Task goal
When you reach the line containing "Asuka_Buster's tweet photo. マザーボードはMSI製!" in the entries below, start writing out each line exactly, and stop after the line containing "AUDI A1 1.6 TDI Adrenalin".

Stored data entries

•••••

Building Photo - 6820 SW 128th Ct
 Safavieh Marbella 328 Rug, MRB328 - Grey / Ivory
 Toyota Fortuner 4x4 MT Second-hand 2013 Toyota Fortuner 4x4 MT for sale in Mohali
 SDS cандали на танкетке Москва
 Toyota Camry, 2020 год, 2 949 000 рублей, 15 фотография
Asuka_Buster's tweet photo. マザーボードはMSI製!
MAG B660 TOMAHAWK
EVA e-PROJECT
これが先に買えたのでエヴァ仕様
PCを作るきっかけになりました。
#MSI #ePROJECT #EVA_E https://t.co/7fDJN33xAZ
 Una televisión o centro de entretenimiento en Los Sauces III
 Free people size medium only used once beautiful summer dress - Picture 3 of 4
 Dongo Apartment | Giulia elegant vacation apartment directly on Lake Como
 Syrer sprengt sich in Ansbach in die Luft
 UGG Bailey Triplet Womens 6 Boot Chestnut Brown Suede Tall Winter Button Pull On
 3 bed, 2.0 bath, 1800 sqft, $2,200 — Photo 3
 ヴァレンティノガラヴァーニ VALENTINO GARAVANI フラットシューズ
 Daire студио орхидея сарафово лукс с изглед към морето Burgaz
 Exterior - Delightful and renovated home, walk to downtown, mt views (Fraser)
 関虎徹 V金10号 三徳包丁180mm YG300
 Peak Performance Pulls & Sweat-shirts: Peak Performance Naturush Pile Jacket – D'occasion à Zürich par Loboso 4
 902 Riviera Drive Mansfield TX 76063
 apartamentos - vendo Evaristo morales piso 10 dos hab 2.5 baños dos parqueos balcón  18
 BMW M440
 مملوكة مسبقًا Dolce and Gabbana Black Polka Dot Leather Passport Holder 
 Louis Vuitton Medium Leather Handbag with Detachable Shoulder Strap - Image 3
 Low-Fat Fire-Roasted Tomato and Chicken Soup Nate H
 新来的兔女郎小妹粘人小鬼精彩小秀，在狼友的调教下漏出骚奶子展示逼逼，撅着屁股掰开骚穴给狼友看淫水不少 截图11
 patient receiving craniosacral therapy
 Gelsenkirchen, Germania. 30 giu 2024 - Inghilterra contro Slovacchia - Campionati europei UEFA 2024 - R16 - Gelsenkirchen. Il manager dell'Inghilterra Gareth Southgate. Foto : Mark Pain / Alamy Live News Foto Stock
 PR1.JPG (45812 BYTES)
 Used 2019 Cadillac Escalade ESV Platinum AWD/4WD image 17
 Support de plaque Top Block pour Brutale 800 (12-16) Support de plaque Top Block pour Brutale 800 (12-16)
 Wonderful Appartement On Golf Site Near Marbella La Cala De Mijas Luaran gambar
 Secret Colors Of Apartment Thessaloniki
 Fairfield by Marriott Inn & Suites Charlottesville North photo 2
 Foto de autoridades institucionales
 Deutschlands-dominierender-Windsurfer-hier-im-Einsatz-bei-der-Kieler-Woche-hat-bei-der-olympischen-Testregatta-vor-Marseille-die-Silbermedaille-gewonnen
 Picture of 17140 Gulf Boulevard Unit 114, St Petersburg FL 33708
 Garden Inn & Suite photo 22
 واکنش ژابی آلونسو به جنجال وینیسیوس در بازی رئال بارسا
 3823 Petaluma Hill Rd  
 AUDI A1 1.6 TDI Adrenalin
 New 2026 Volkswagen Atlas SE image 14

•••••

Solution
Asuka_Buster's tweet photo. マザーボードはMSI製!
MAG B660 TOMAHAWK
EVA e-PROJECT
これが先に買えたのでエヴァ仕様
PCを作るきっかけになりました。
#MSI #ePROJECT #EVA_E https://t.co/7fDJN33xAZ
 Una televisión o centro de entretenimiento en Los Sauces III
 Free people size medium only used once beautiful summer dress - Picture 3 of 4
 Dongo Apartment | Giulia elegant vacation apartment directly on Lake Como
 Syrer sprengt sich in Ansbach in die Luft
 UGG Bailey Triplet Womens 6 Boot Chestnut Brown Suede Tall Winter Button Pull On
 3 bed, 2.0 bath, 1800 sqft, $2,200 — Photo 3
 ヴァレンティノガラヴァーニ VALENTINO GARAVANI フラットシューズ
 Daire студио орхидея сарафово лукс с изглед към морето Burgaz
 Exterior - Delightful and renovated home, walk to downtown, mt views (Fraser)
 関虎徹 V金10号 三徳包丁180mm YG300
 Peak Performance Pulls & Sweat-shirts: Peak Performance Naturush Pile Jacket – D'occasion à Zürich par Loboso 4
 902 Riviera Drive Mansfield TX 76063
 apartamentos - vendo Evaristo morales piso 10 dos hab 2.5 baños dos parqueos balcón  18
 BMW M440
 مملوكة مسبقًا Dolce and Gabbana Black Polka Dot Leather Passport Holder 
 Louis Vuitton Medium Leather Handbag with Detachable Shoulder Strap - Image 3
 Low-Fat Fire-Roasted Tomato and Chicken Soup Nate H
 新来的兔女郎小妹粘人小鬼精彩小秀，在狼友的调教下漏出骚奶子展示逼逼，撅着屁股掰开骚穴给狼友看淫水不少 截图11
 patient receiving craniosacral therapy
 Gelsenkirchen, Germania. 30 giu 2024 - Inghilterra contro Slovacchia - Campionati europei UEFA 2024 - R16 - Gelsenkirchen. Il manager dell'Inghilterra Gareth Southgate. Foto : Mark Pain / Alamy Live News Foto Stock
 PR1.JPG (45812 BYTES)
 Used 2019 Cadillac Escalade ESV Platinum AWD/4WD image 17
 Support de plaque Top Block pour Brutale 800 (12-16) Support de plaque Top Block pour Brutale 800 (12-16)
 Wonderful Appartement On Golf Site Near Marbella La Cala De Mijas Luaran gambar
 Secret Colors Of Apartment Thessaloniki
 Fairfield by Marriott Inn & Suites Charlottesville North photo 2
 Foto de autoridades institucionales
 Deutschlands-dominierender-Windsurfer-hier-im-Einsatz-bei-der-Kieler-Woche-hat-bei-der-olympischen-Testregatta-vor-Marseille-die-Silbermedaille-gewonnen
 Picture of 17140 Gulf Boulevard Unit 114, St Petersburg FL 33708
 Garden Inn & Suite photo 22
 واکنش ژابی آلونسو به جنجال وینیسیوس در بازی رئال بارسا
 3823 Petaluma Hill Rd  
 AUDI A1 1.6 TDI Adrenalin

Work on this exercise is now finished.